Hyundai Commission: Goavve-Geabbil
Máret Ánne Sara
Reindeer hides bound in electrical cable, hauled up the full twenty-eight metres of the Turbine Hall. Behind it, a wooden-fence maze you walk through, with seats lined in fur and headphones playing joik and oral histories from Sápmi. Sara is from a reindeer-herding family; the title means ice-locked pasture, the condition that kills the herd. The critics who wanted spectacle called it quiet. The quiet is the point.
Also this month
Gerhard Richter
Two hundred and seventy-five works, 1962 to 2024, across thirty-four rooms on four floors. Curated by Dieter Schwarz and Nicholas Serota. Photo-paintings at one end, the late abstracts at the other, the glass and steel pieces threaded through.
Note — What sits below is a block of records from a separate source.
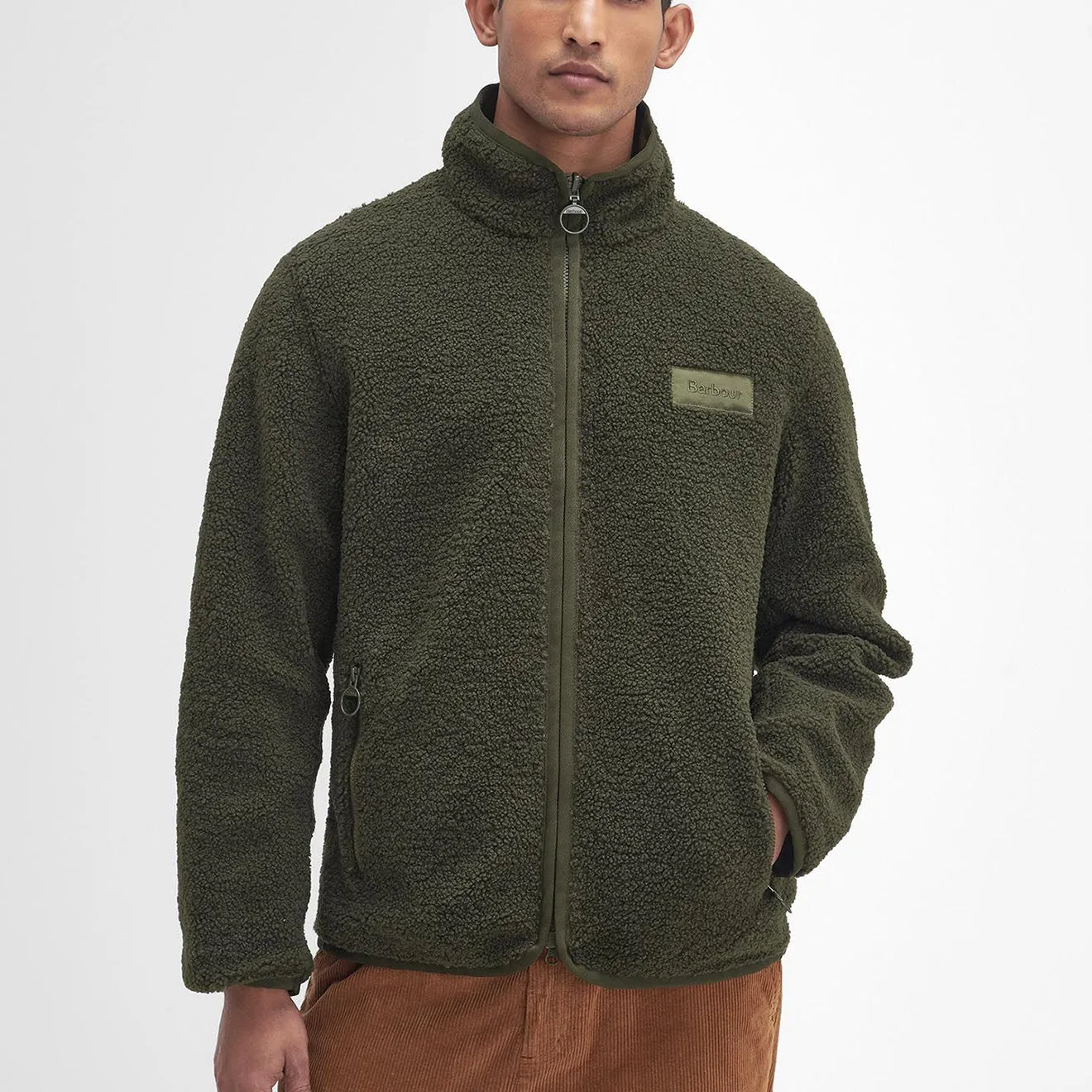 Barbour Reversible Fleece Jacket Fern Clothing Barbour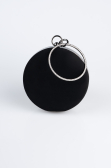 Black Suede Evening Bag SH841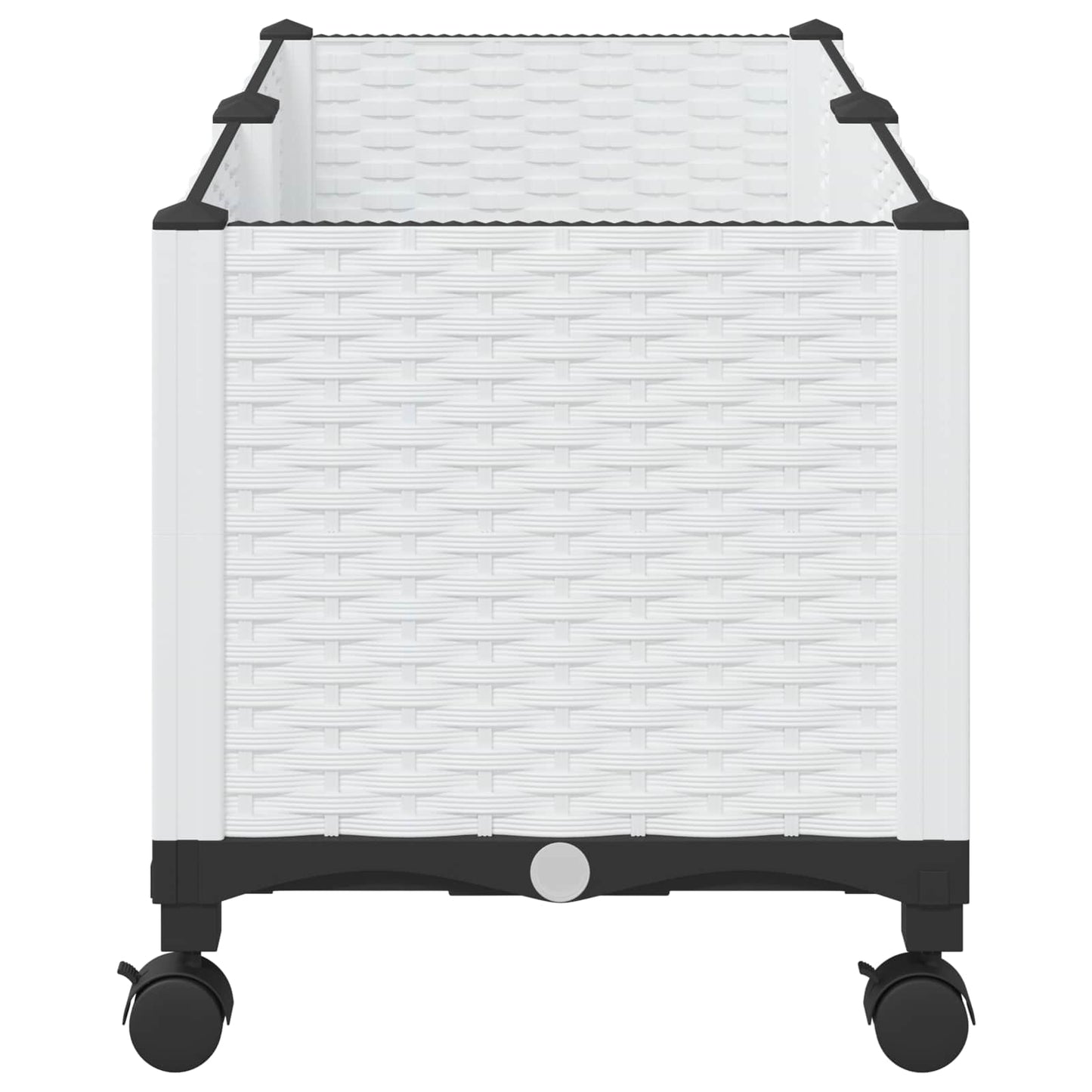 Hagekrukke med hjul Hvit 80 x 40 x 48 cm PP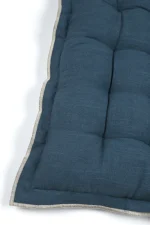 Pernă de scaun Helios 38X38 cm, culoare albastru, 100% bumbac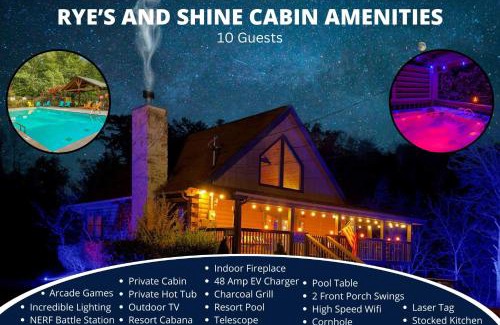Sevierville House | Ryes and Shine Bootlegger's Cabin! Hot Tub* Pool* Arcade* Billiards *EV * Pet Friendly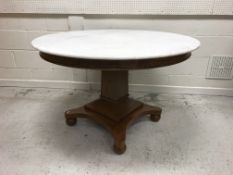 An oak centre table in the Victorian manner,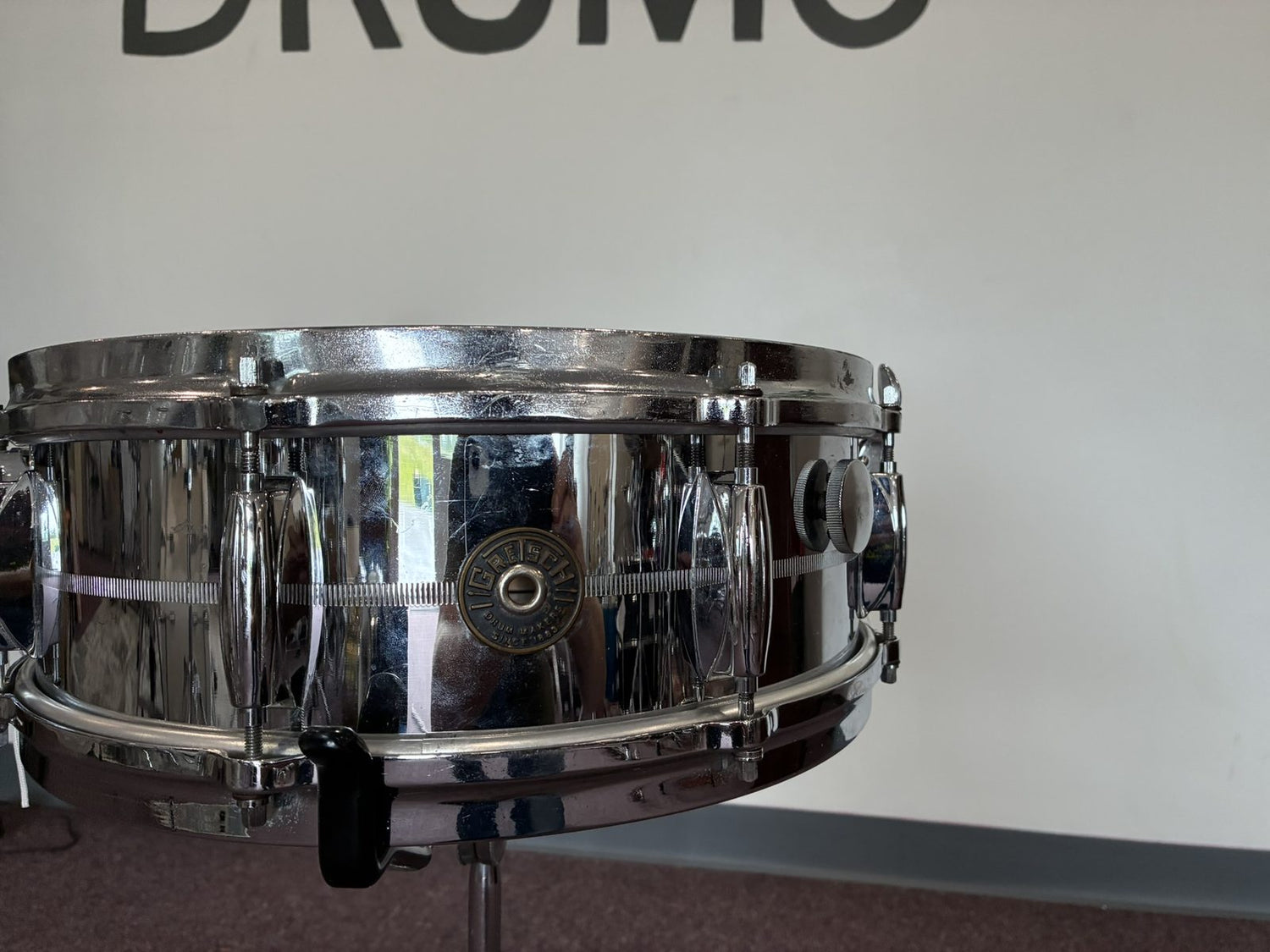 1960s Gretsch Brass Snare Drum - Model 4160 14x5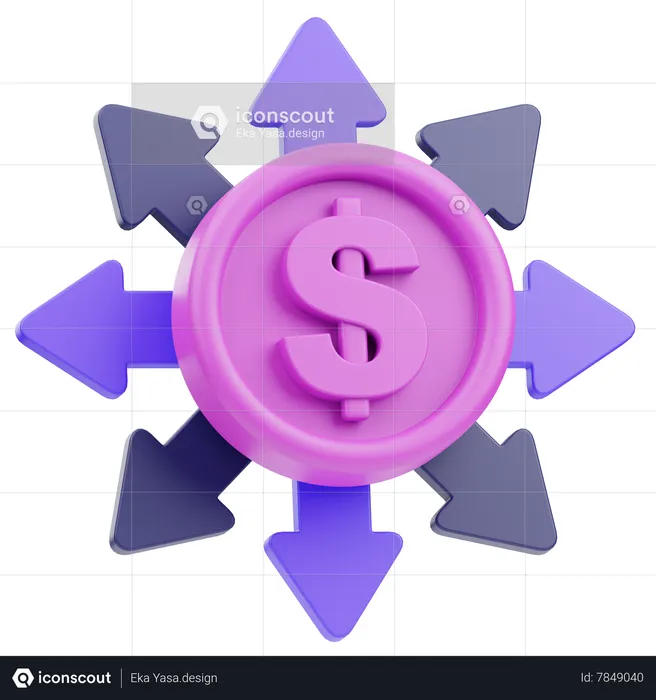 Financial Expansion  3D Icon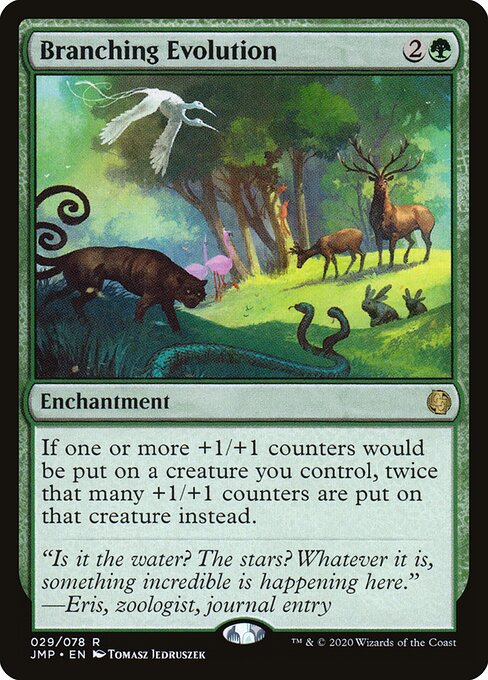 Branching Evolution — Jumpstart #29, art by Tomasz Jedruszek
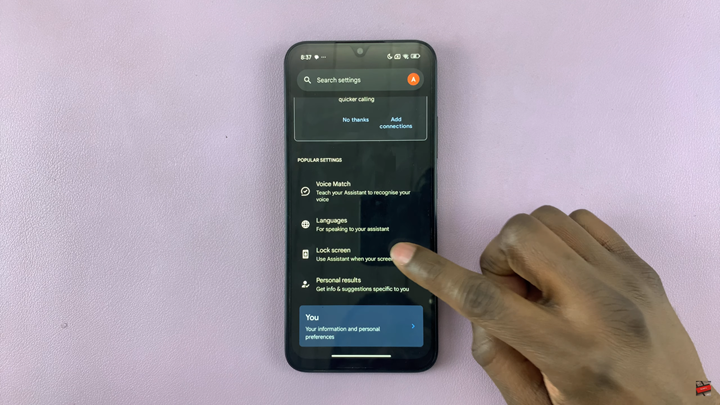 How To Enable & Use Google Assistant On The Lock Screen On Redmi 15C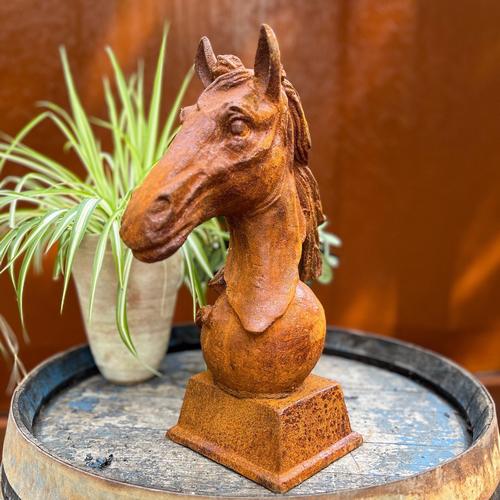 Horse Head on Ball Plinth - Right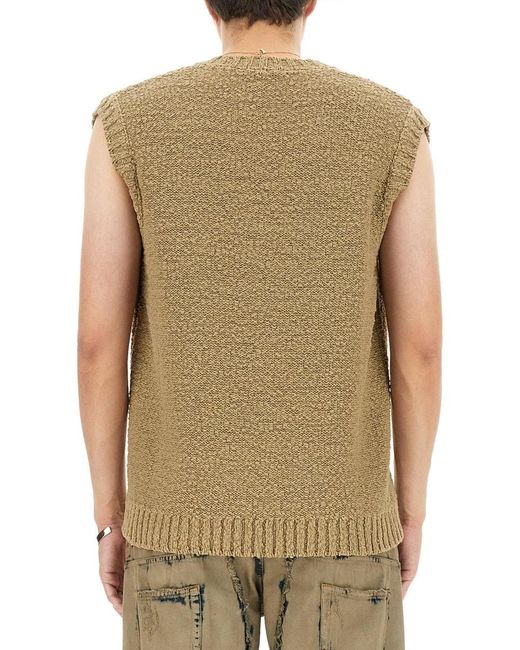 Dolce & Gabbana Green Knitted Vest for men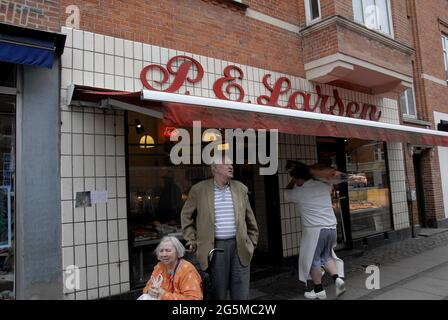 Kopenhagen/Dänemark/ 16. September 2015  Rüde aus Mogens Nielsen Kreaturslageri liefert Fleisch in der berühmten dänischen Metzgerei P.E.Metzgerei (Phot Stockfoto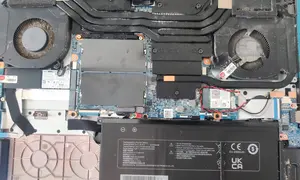 全程当面操作孝感游戏笔记本电脑清灰更换导热硅脂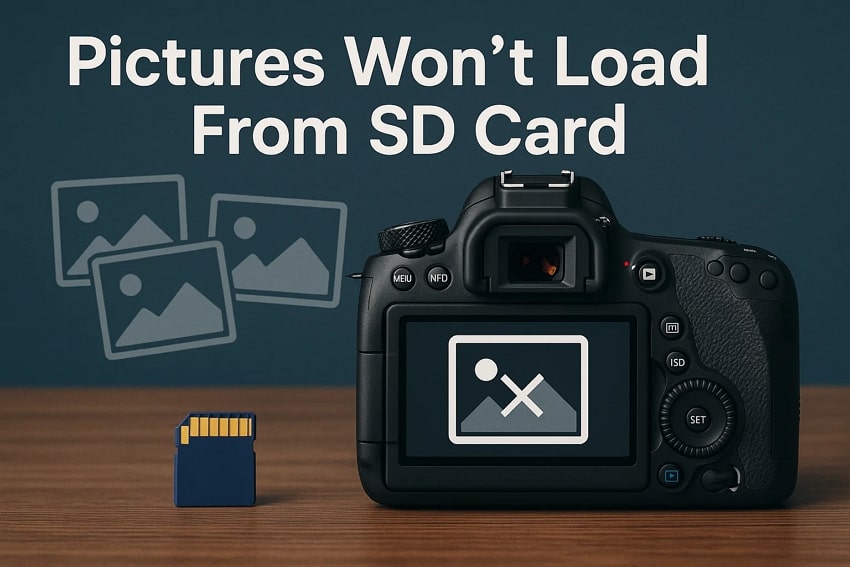 guide to pictures not loading sd card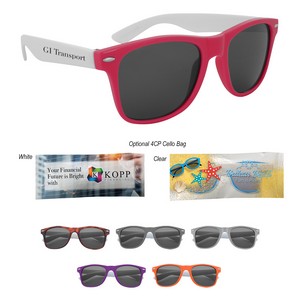 [6287] Colorblock Malibu Sunglasses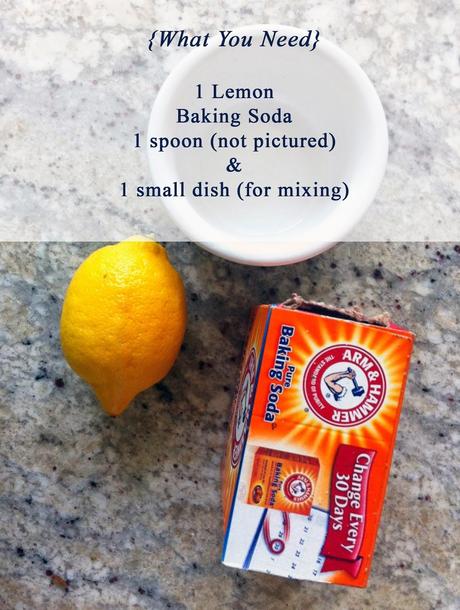 {The Lemon Juice & Baking Soda Trick}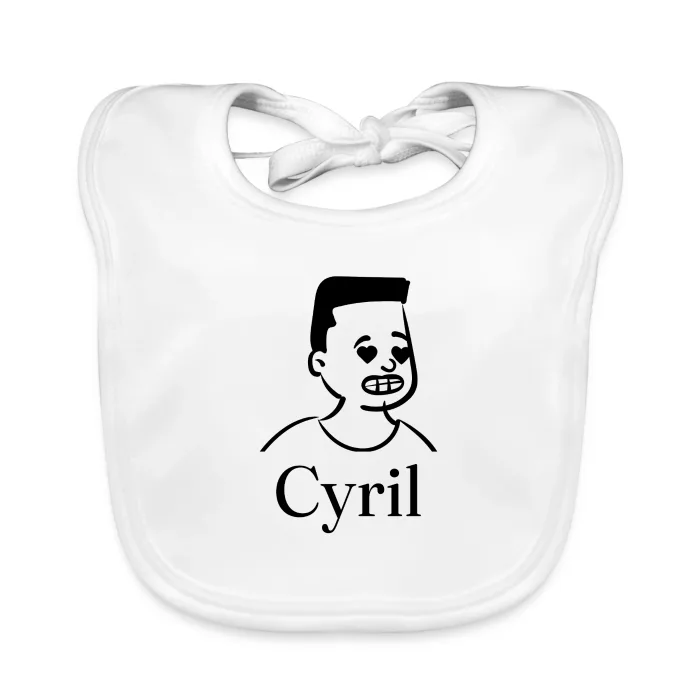 Bavoir bébé personnalisé au prénom Cyril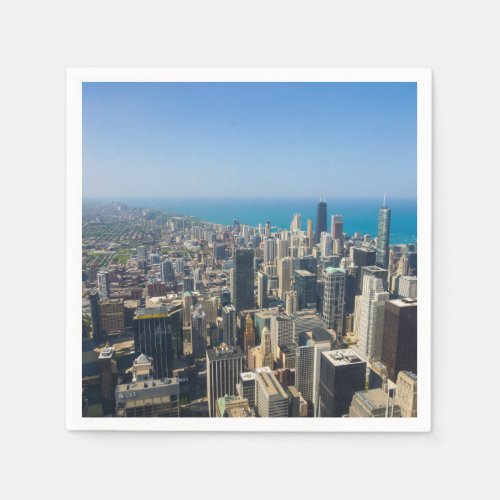 Chicago From Above Paper Napkins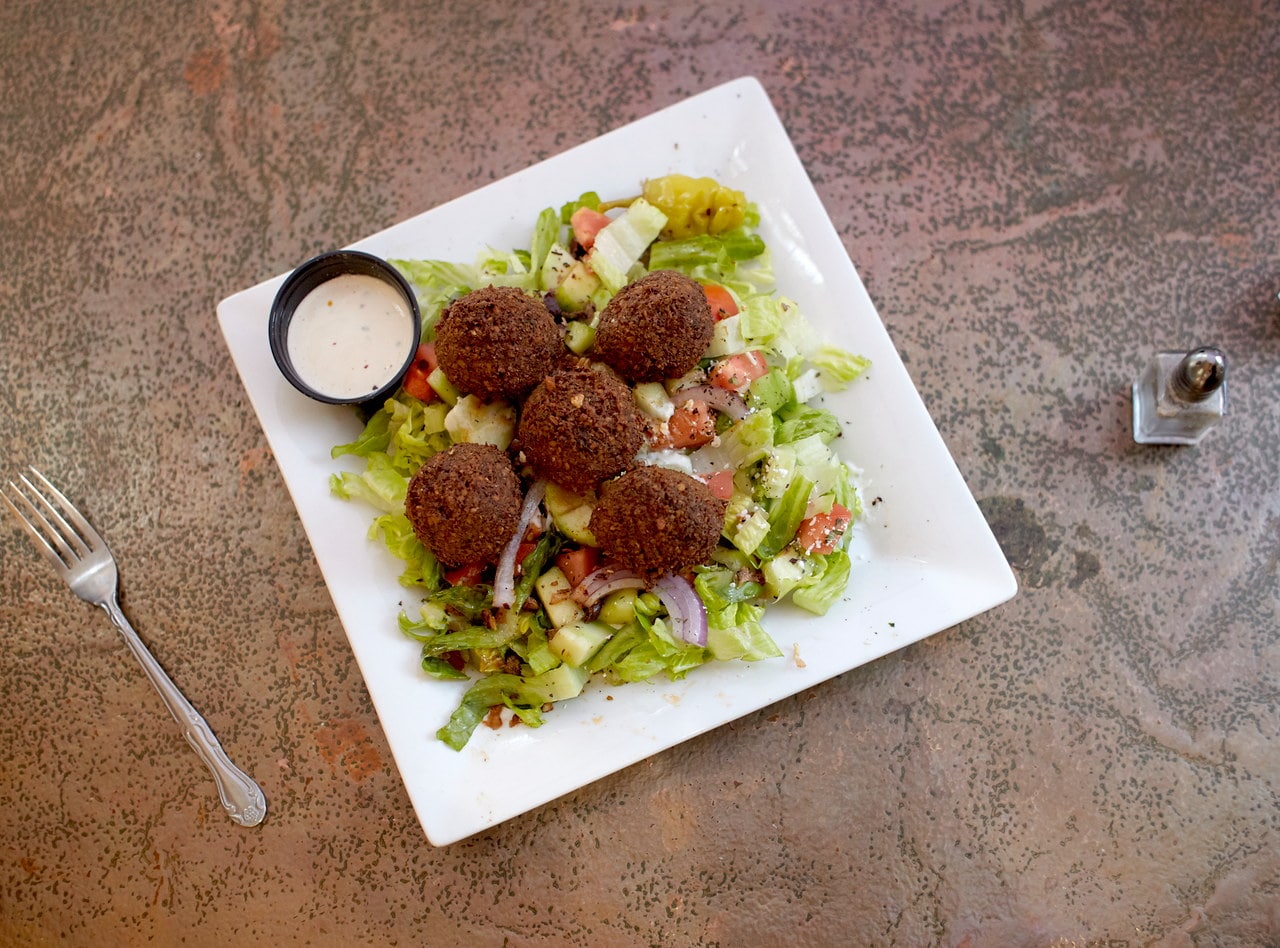 Falafel Salad Boxed Lunch by Chef Salam Ibrahim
He stopped painting in 2017. The show does not try to hide the stop.
Nigerian Modernism
First big UK show of the Nigerian modernists. Over fifty artists, Uzo Egonu, El Anatsui, Ladi Kwali, Ben Enwonwu. Curated by Osei Bonsu and Bilal Akkouche. It maps Zaria, Ibadan, Lagos, Enugu, and the London and Munich studios the artists moved through. Painting, sculpture, textile, photography, the Mbari Club posters in a vitrine.
Minimal
Jessica Morgan, out of the Dia chair, curates over a hundred works from the Pinault holdings into seven rooms: Light, Mono-ha, Balance, Surface, Grid, Monochrome, Materialism. Flavin, Judd, Martin, Ryman, On Kawara, Serra, Lee Ufan. Tadao Ando's rotunda is built for this kind of restraint.
Peter Doig: House of Music
Doig fills the Serpentine South with recent paintings and two restored sets of analogue cinema speakers. Linton Kwesi Johnson and Derek Walcott in the catalogue, Michael Bracewell essay, new interview with Obrist. You sit down. The show asks you to.